TRIBUNTRAVEL.COM - Tuak atau nira dari manggar pohon lontar kerap dimanfaatkan sebagai bahan dasar pembuatan arak khas Desa Les, Kabupaten Buleleng, Bali.
Meski begitu, ternyata tuak pohon lontar dapat dimanfaatkan sebagai bahan dasar pembuatan gula khas Bali.
"Tuak ada dua jenis yaitu tuak manis dan tuak wayah (untuk arak)," kata Gede Yudiawan, pengrajin arak dan pemilik Warung Sunset Jero Mangku Dalam Suci.
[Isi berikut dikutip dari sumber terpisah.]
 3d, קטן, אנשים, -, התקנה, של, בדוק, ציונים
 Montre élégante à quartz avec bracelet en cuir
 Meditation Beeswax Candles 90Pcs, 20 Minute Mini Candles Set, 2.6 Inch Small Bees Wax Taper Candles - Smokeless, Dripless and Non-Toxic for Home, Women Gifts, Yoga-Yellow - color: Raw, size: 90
Tuak manis disebutkan Gede dipanen (disadap) 2 x 24 jam untuk menghasilkan juruh atau gula khas Bali.
Gede mengatakan penyadapan dilakukan dua kali dalam sehari agar tuak tidak mengalami proses fermentasi yang terlalu banyak sehingga rasanya akan masih terasa manis.
Untuk media penyadapan, warga desa kerap menggunakan kulit pohon kesambi.
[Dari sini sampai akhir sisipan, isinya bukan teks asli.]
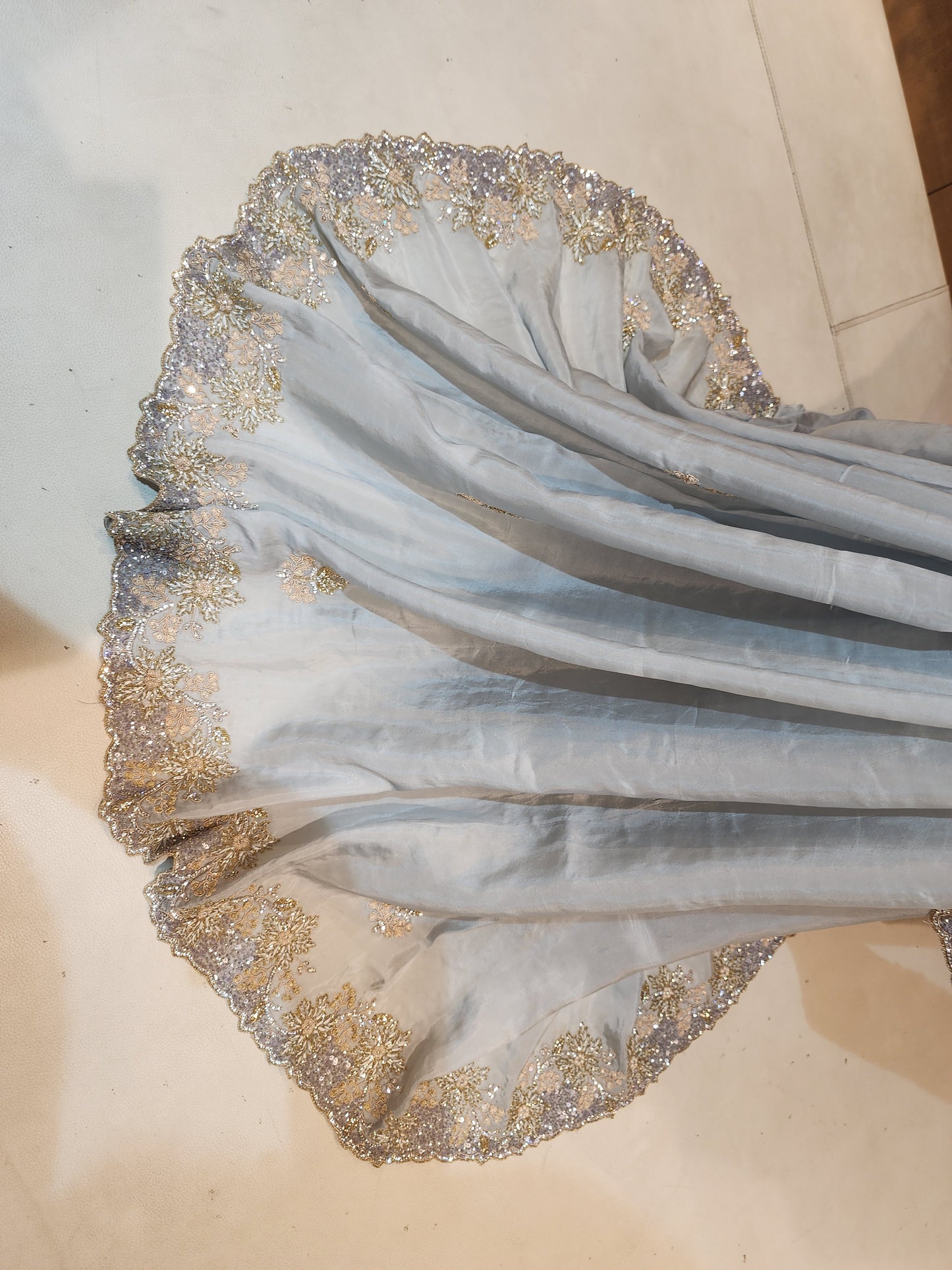 Satin silver Grey mix work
Sementara untuk pembuatan arak, penyadapan dilakukan hanya sekali dan media yang digunakan adalah serabut kelapa.
“Tuak manis ini direbus sampai kadar air dalam tuak itu menguap, sehingga sari tuak berubah menjadi karamel. Karamel inilah nantinya jadi juruh. Prosesnya sesederhana itu,” kata Gede.
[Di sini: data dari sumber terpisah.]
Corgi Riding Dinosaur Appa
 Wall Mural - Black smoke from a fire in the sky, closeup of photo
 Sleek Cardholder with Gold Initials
Lama perebusan untuk menguapkan kadar air tuak manis pohon lontar hingga tersisa sarinya lebih kurang butuh tiga jam.
Apabila menggunakan cara tradisional, biasanya akan ada orang yang terus mengaduk air tuak manis secara manual.
Proses pengadukan tidak menggunakan mesin dan masih menggunakan pengaduk berbahan dasar kayu.
Pengadukan dilakukan agar tuak manis yang direbus tidak menggumpal dan tumpah.
Perebusan juga dilakukan menggunakan api dari kayu bakar.
Selesai direbus, biasanya hasil akhir akan didiamkan hingga sedikit dingin untuk mencegah wadah kemasan pecah atau meleleh.
“Nanti berubah jadi karamel yang namanya juruh. Tapi jangan terlalu lama didiamkan agar tidak mengkristal," kata Gede.
Juruh biasa dipakai untuk saus pancake atau pisang goreng.